__ACTIVITY__: Leave the pictures out and quote every line from the start of the listing to the line with "Image 15 of 47 For 868 Bayway Boulevard 108", inclusive.

* * * * *

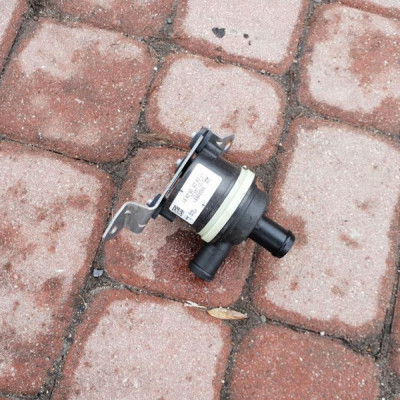 Pompa wody 1.6T Opel Astra J IV GTC 55588581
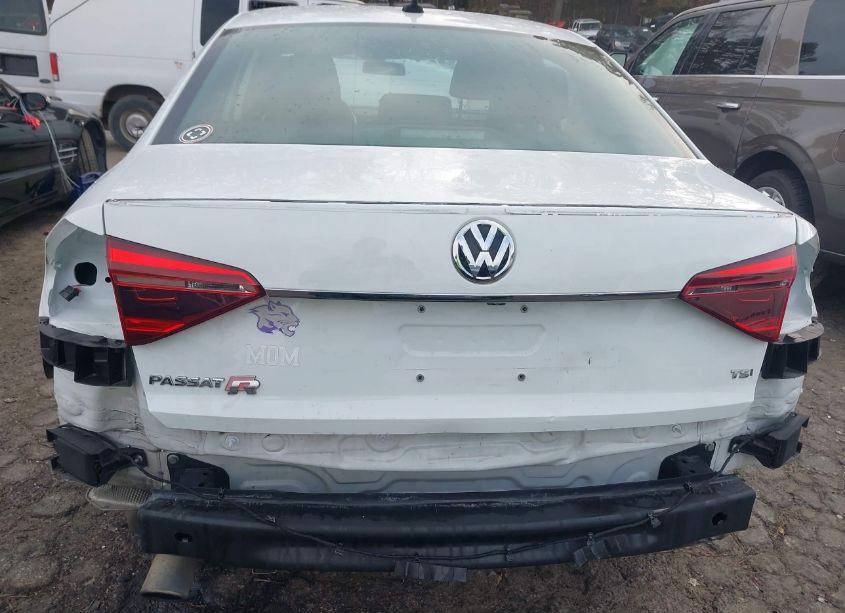 Photo 6 of 2017 Volkswagen Passat 1.8T R-LINE (VIN 1VWDT7A31HC001692)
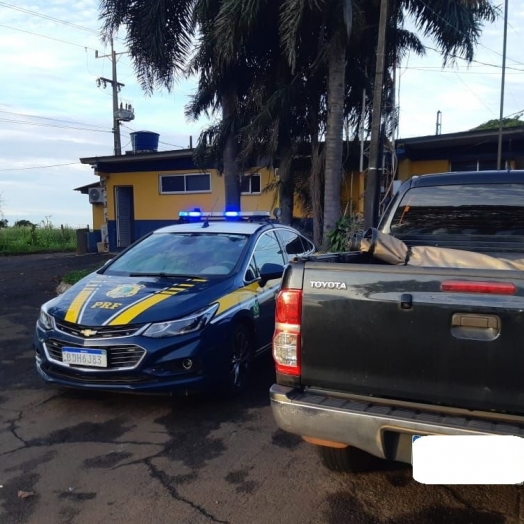 PRF recupera veículo roubado e clonado em Santa Terezinha de Itaipu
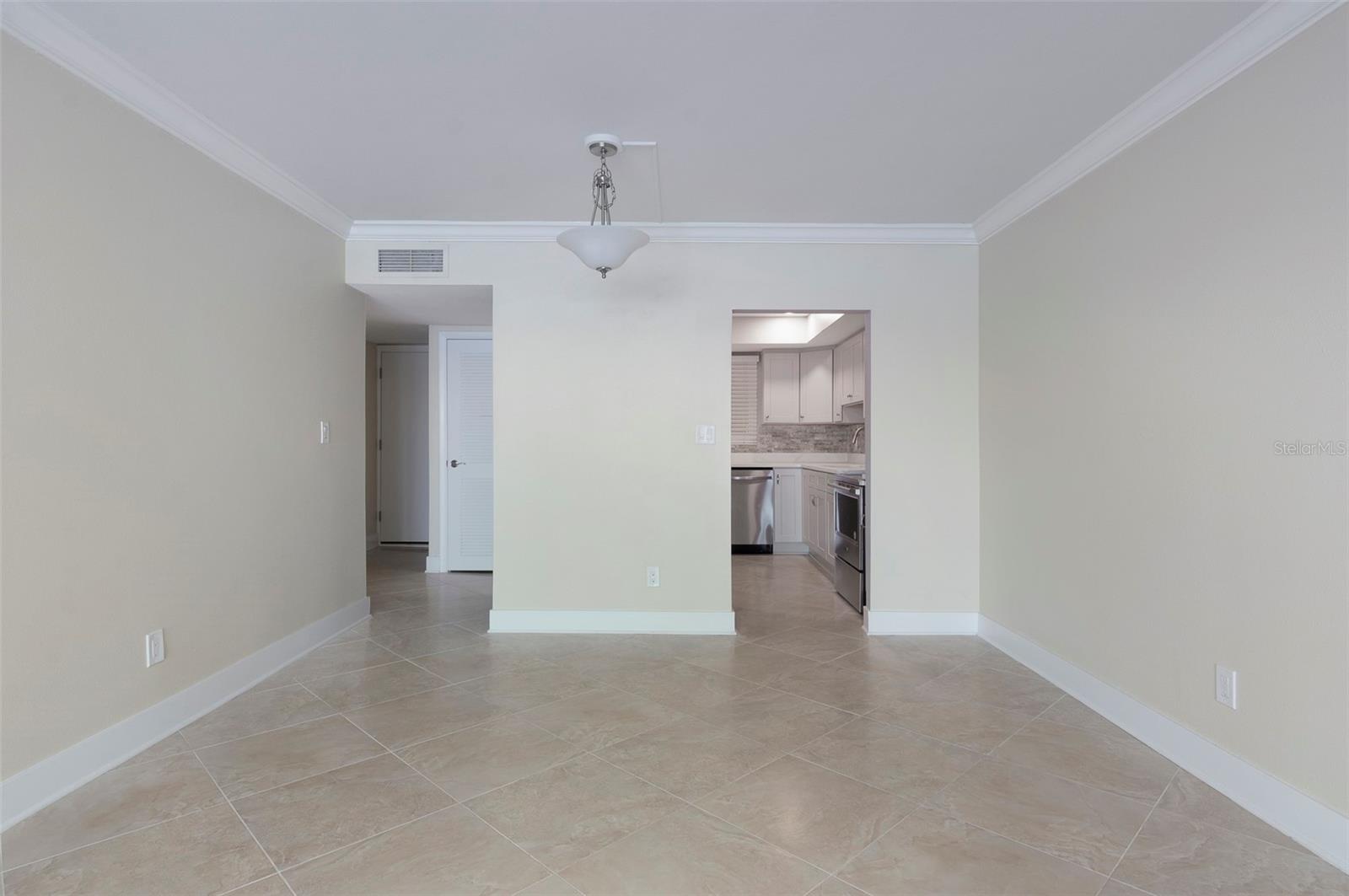 Image 15 of 47 For 868 Bayway Boulevard 108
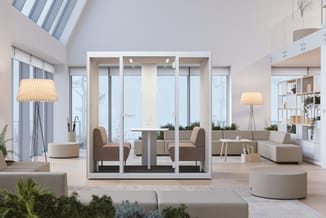 Modern kantoor met beige stoelen, wit glazen bureau met plantenbakken, tripod verlichting met plissé kappen, open shelving en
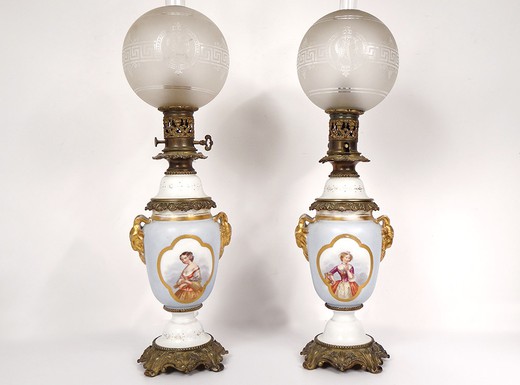 антикварные парные керосиновые лампы из золоченой бронзы и фарфора в стиле Людовика XV купить в Москве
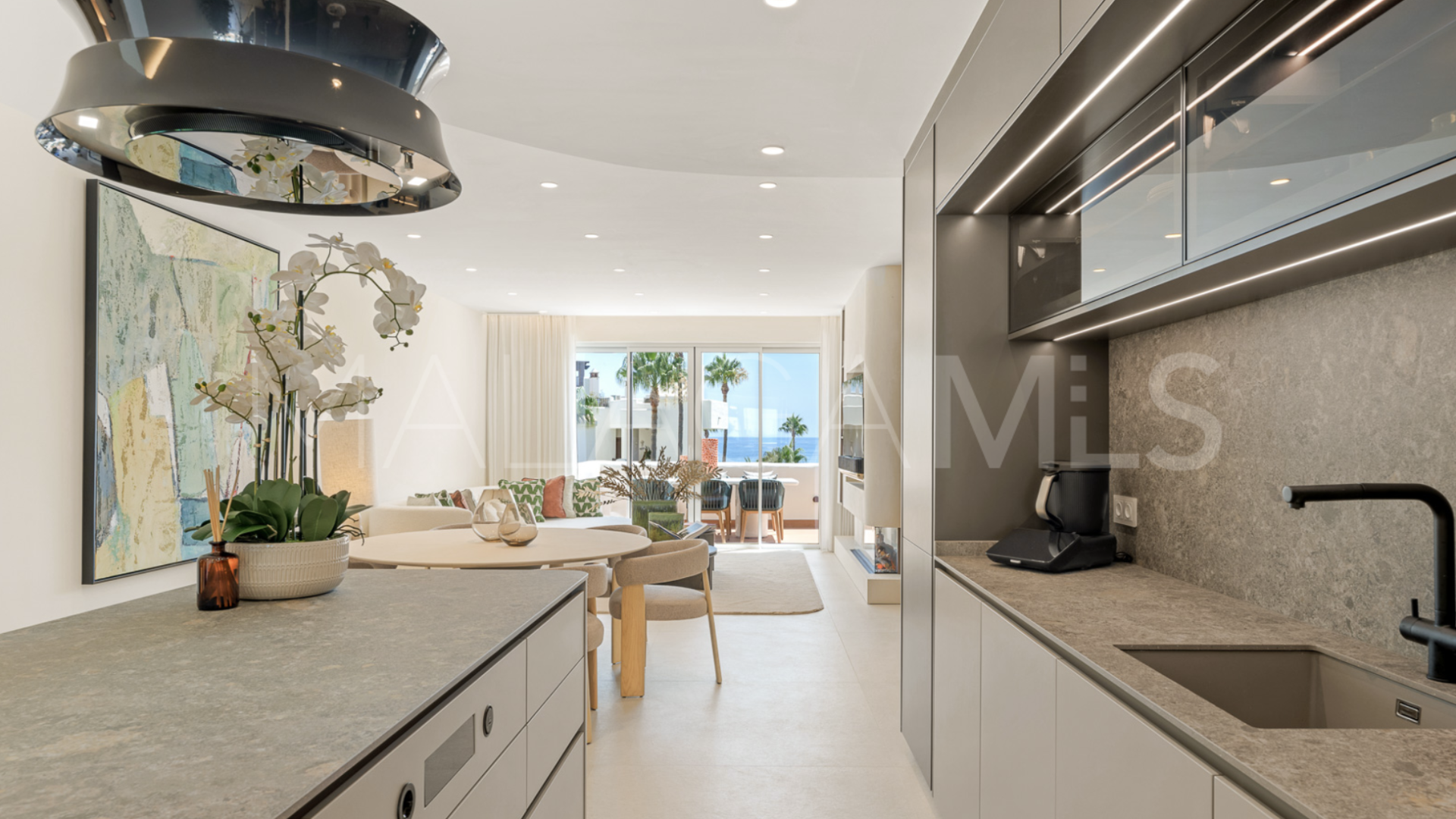 Zweistöckiges penthouse for sale in Bahía del Velerín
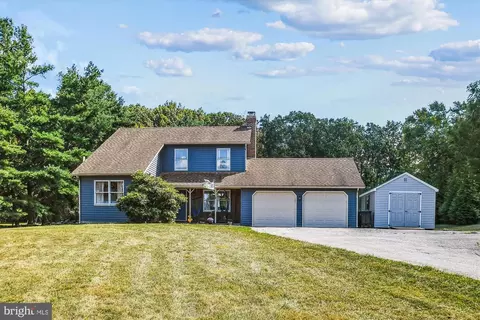 2433 Snydersburg Rd, Hampstead, MD 21074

* * * * *

__RESPONSE TO THE TASK__:
 Pompa wody 1.6T Opel Astra J IV GTC 55588581
 Photo 6 of 2017 Volkswagen Passat 1.8T R-LINE (VIN 1VWDT7A31HC001692)
 PRF recupera veículo roubado e clonado em Santa Terezinha de Itaipu
 Image 15 of 47 For 868 Bayway Boulevard 108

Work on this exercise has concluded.